- [WORK TO BE COMPLETED]
Restate the data word for word and leave the images out.
*** DATA SHOWN Section Begins ***
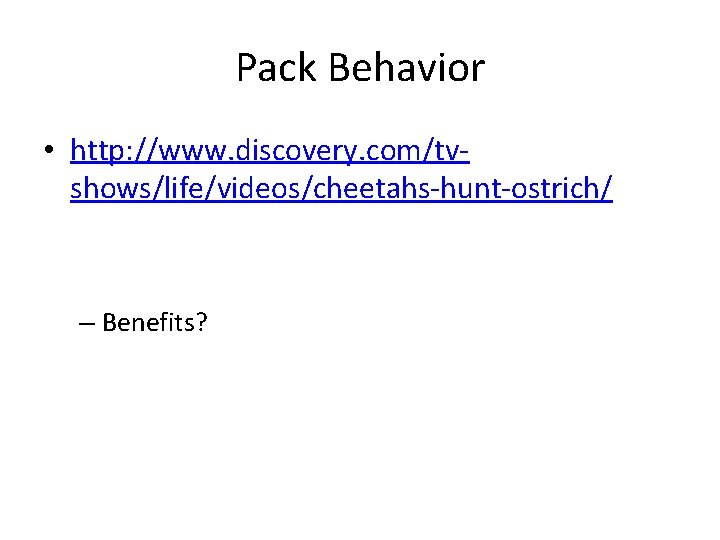 Pack Behavior • http: //www. discovery. com/tvshows/life/videos/cheetahs-hunt-ostrich/ – Benefits? 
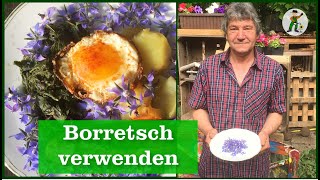 Borretsch ernten und verwenden [upl. by Enitsirhk]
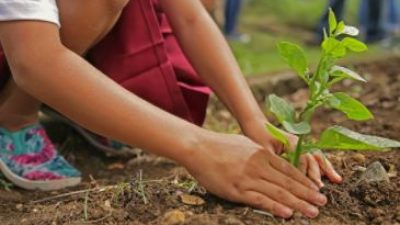 RIDIAMO IL SORRISO ALLA PIANURA PADANA, CONCLUSA LA PRIMA FASE: BEN 342 I COMUNI VENETI ADERENTI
*** DATA SHOWN Section Ends ***
- [RESPONSE AREA]
 Pack Behavior • http: //www. discovery. com/tvshows/life/videos/cheetahs-hunt-ostrich/ – Benefits? 
 Borretsch ernten und verwenden [upl. by Enitsirhk]
 RIDIAMO IL SORRISO ALLA PIANURA PADANA, CONCLUSA LA PRIMA FASE: BEN 342 I COMUNI VENETI ADERENTI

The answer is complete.